How do I know if I have bruxism?

Because for most people bruxism is an unconscious habit, they may not even realize they’re doing it until e.g. a relative points out to them that they make a grinding sound while sleeping. For others, a routine dental check-up is when a dentist discovers their teeth are worn or their tooth enamel is fractured.

Other potential signs of bruxism include aching of the face, head and neck.

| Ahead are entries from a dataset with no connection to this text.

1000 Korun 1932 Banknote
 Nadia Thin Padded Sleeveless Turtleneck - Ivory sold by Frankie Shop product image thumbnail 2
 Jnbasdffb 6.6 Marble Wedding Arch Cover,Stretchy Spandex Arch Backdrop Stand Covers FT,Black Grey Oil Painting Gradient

Your dentist can make an accurate diagnosis and determine if the source of facial pain is caused by bruxism.

How is bruxism treated?

Out of many different causes of bruxism, stress is the most common one. The appropriate treatment for you will depend on what is causing the problem. By asking careful questions and thoroughly examining your teeth, your dentist can help you determine the potential reason of your bruxism.

Based on the amount of tooth damage and its likely cause, your dentist may suggest:

  • Wearing an appliance while sleeping. Custom-made by your dentist to fit your teeth, the appliance slips over the upper teeth and protects them from grinding against the lower teeth. While an appliance is a good way to manage bruxism, it is not a cure.
  • Finding ways to relax. Because everyday stress seems to be a major cause of bruxism, anything that reduces stress can help-listening to music, reading a book, taking a walk or a bath. It may help to seek counselling to learn effective ways for handling stressful situations. Also, applying a warm, wet washcloth to the side of your face can help relax muscles sore from clenching.
  • Reducing the “high spots” of one or more teeth to even your bite. An abnormal bite, one in which teeth do not fit well together, may also be corrected with new fillings, crowns or orthodontics.